> _PROVIDED MATERIAL_:
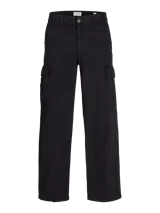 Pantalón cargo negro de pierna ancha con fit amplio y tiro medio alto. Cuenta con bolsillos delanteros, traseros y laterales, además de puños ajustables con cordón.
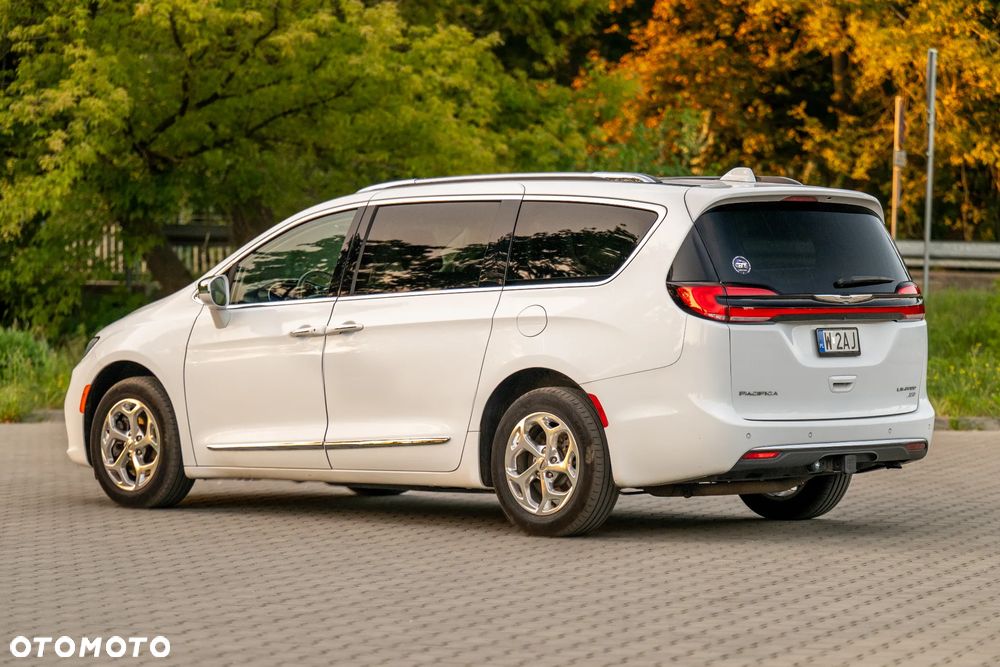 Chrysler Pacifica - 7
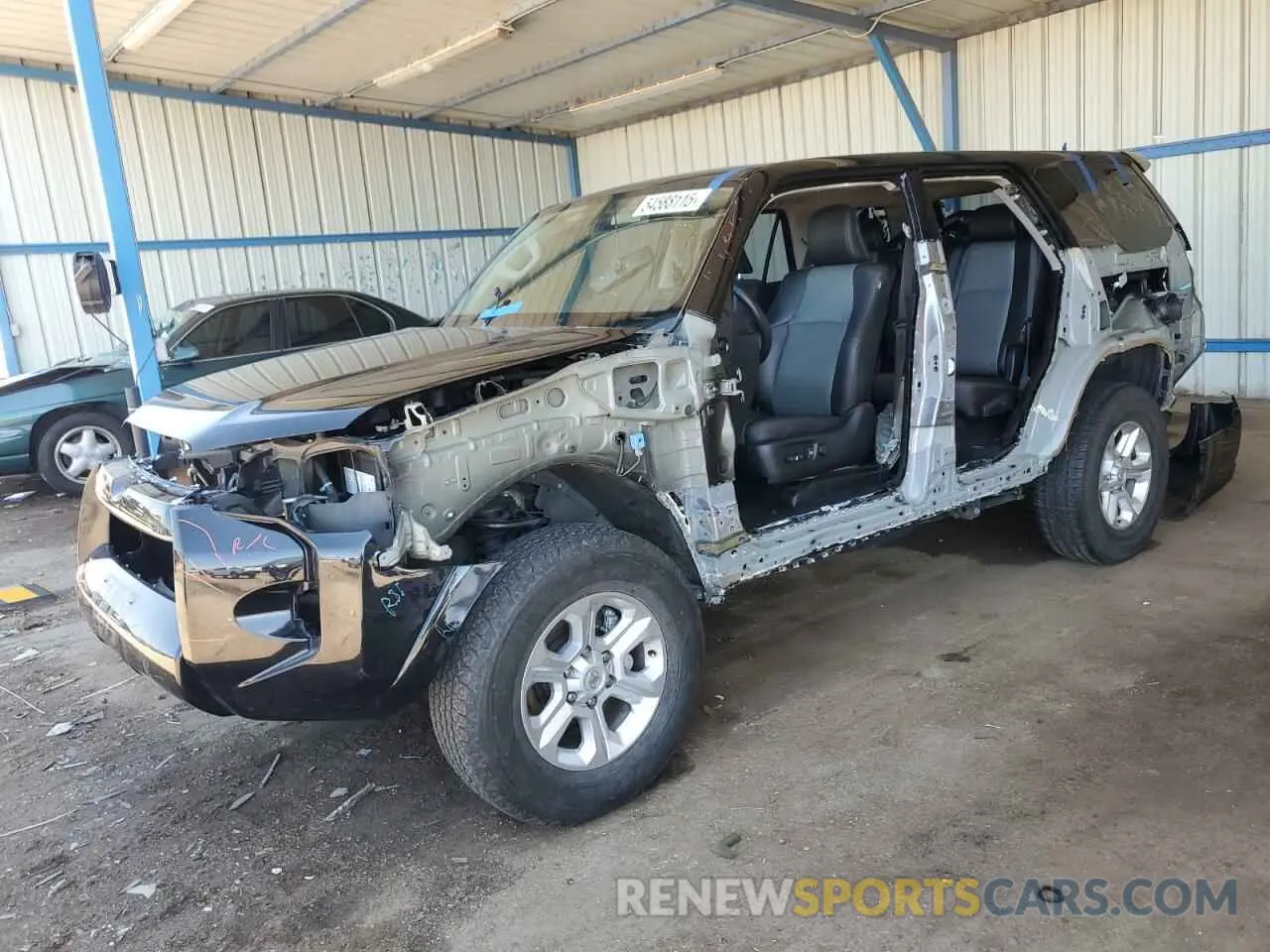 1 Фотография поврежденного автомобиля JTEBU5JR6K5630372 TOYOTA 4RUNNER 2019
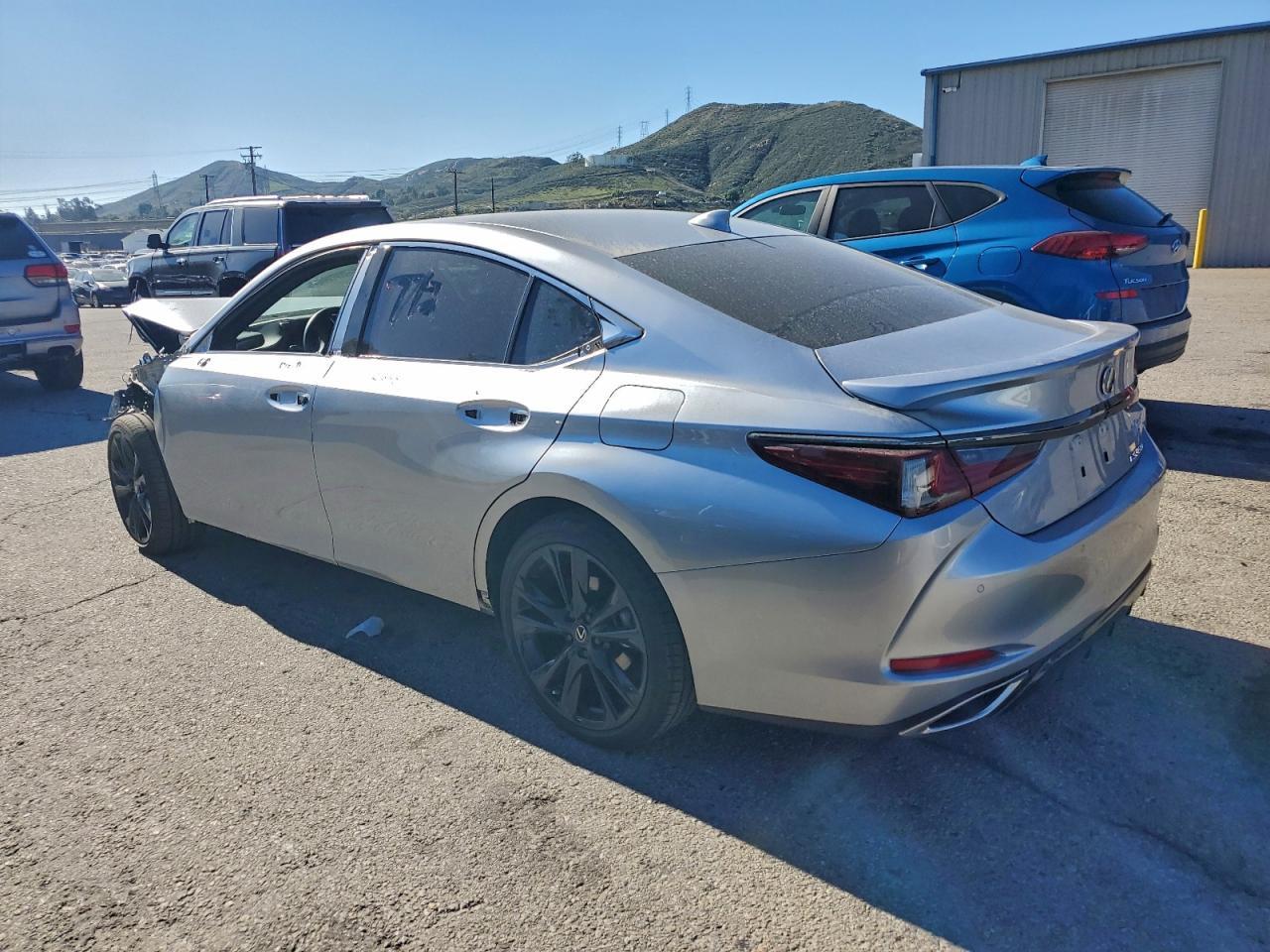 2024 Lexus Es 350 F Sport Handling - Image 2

> _AIM OF THE TASK_: Leave out the pictures, and retype exactly the lines from the one containing "1 Фотография поврежденного" through the last line of the data above, no more and no less.

> _TASK RESULT_:
 1 Фотография поврежденного автомобиля JTEBU5JR6K5630372 TOYOTA 4RUNNER 2019
 2024 Lexus Es 350 F Sport Handling - Image 2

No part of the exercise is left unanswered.